4 Underrated: Session 9 (2001)
A crew of asbestos removal workers is given the task of cleaning out an abandoned state mental hospital. They feel uneasy there as no one in the town comes near this place because of its reputation. But now that new bodies have stepped inside, it's highly likely none of them will be leaving.
People love Session 9 because it is one of the most atmospheric horror movies to come out in the last two decades. It indeed uses familiar tropes, but the film handles them in the best way possible.

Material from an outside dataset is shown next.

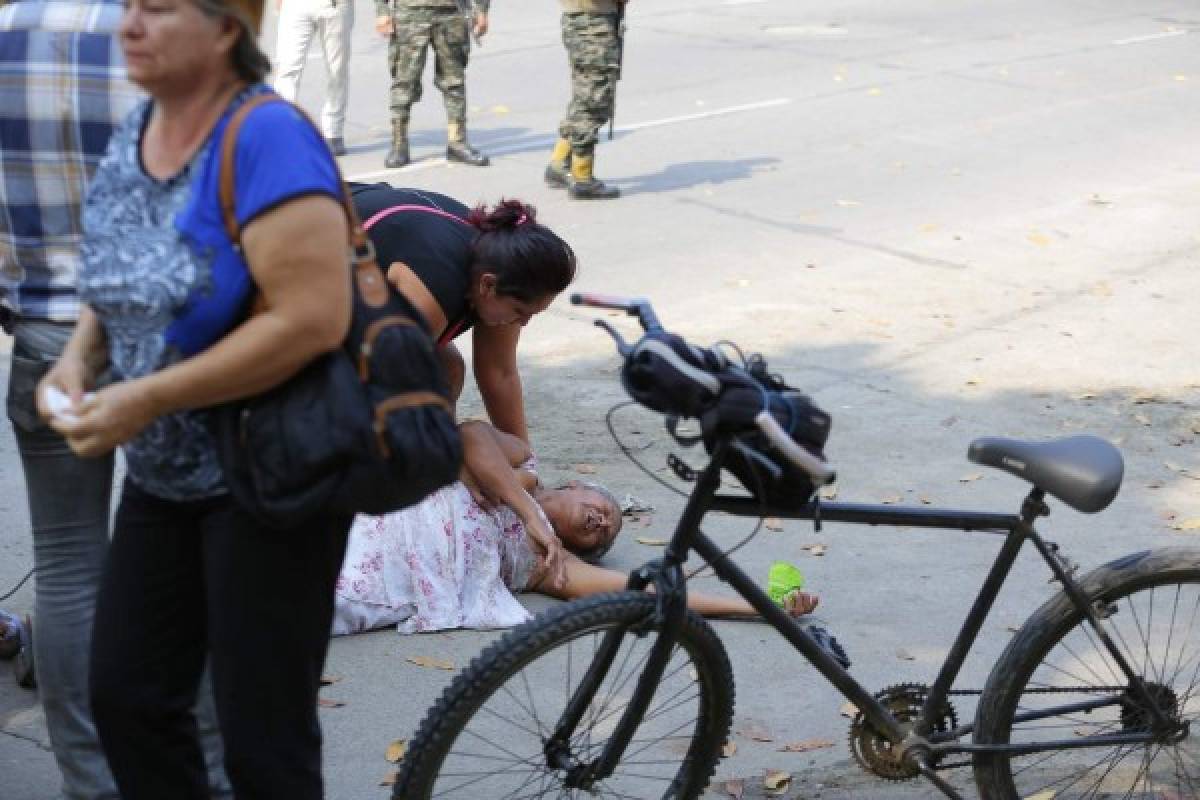 Honduras: Madre de reo se desmaya al enterarse que su hijo fue trasladado a 'El Pozo”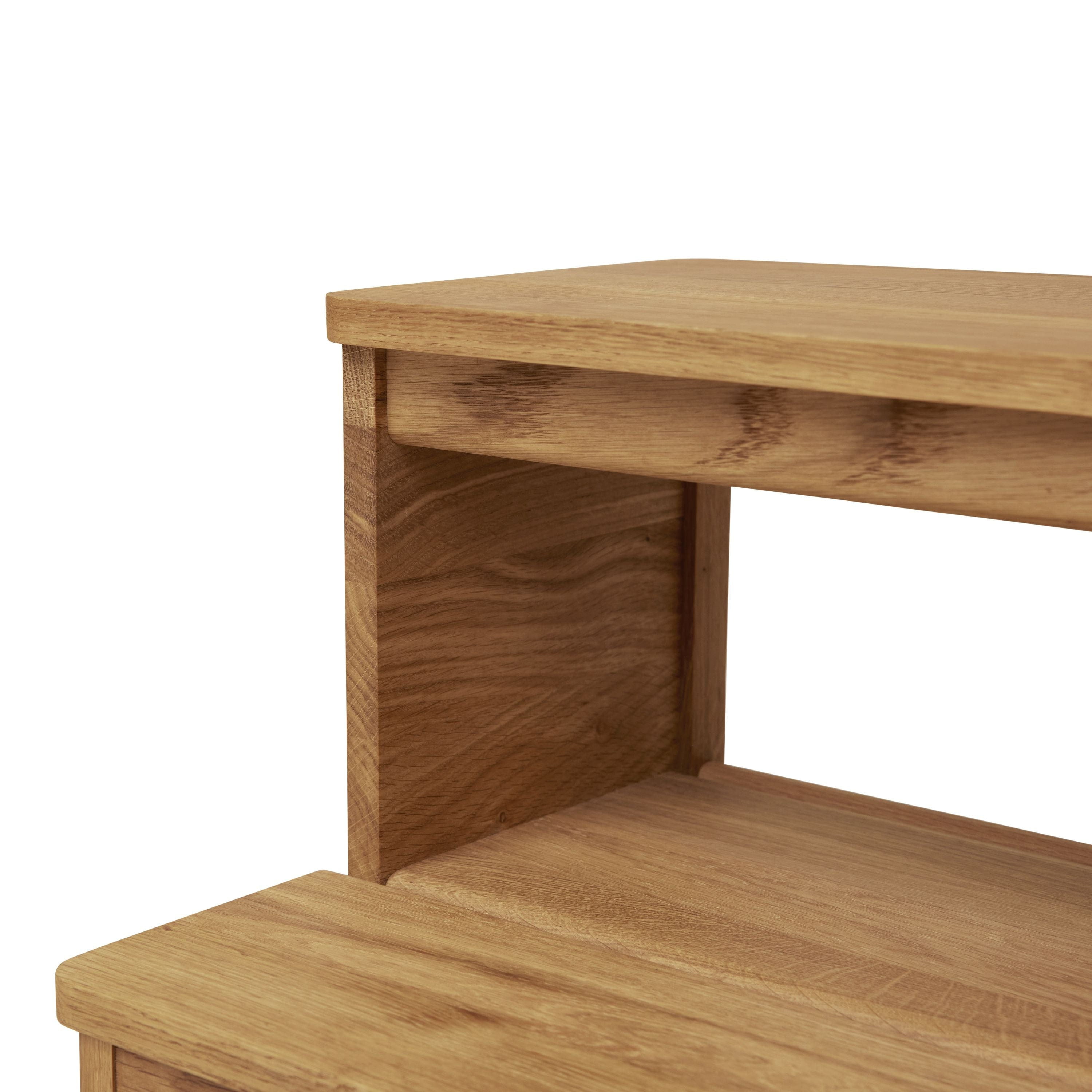 Form & Refine A Line Stepstool. Eik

3 Overrated: Pontypool (2009)
While live on the air, a radio host and his staff learn there's a dangerous virus spreading outside. This is no simple head cold, though. To everyone's surprise, the contagion is somehow transmitted through words in the English language. Now, it's up to the host to warn his listeners of the virus and how it spreads.
This Canadian zombie-ish horror is rightfully acclaimed. For starters, Pontypool does a lot with so little. It remains thoroughly taut and funny in spite of the looming threat at hand. For anyone who doesn't quite understand this movie's love, that may be because of the pacing. In his review, critic Steven Farber found Pontypool to be "tedious."
2 Underrated: 5150 Elm's Way (2009)
Yannick has a bike accident on Elm's Way, an outwardly serene and idyllic street to live on. When he enters a nearby house without invitation to get help, though, he hears a suspicious scream. The house's owner, Beaulieu, then locks Yannick up. He is afraid his unexpected guest will call the police and alert them of his unseemly activities.
This underseen French-language thriller goes by the name of 5150, rue des ormes in Canada. It's a gripping cat-and-mouse film that utilizes its talented leads and inordinate scenario all to their fullest.
1 Overrated: Hard Candy (2005)
A 14-year old named Hayley begins an illicit online flirtation with a 32-year old man named Jeff. They meet at a coffeehouse before Jeff takes Hayley back to his place. There, Hayley drugs her date and ties him up. She reveals she knows Jeff is actually a murderer. Of course, Jeff denies her accusation. It's now up to Hayley to get the truth out of Jeff no matter the cost.
Is Hard Candy actually overrated? Seems unlikely as it has far more acclaim than scorn. The problem a very few have with this indie thriller is the execution of the story and its themes. In his review of Hard Candy in the Los Angeles Times, Kevin Crust said the movie is "maddeningly exploitative."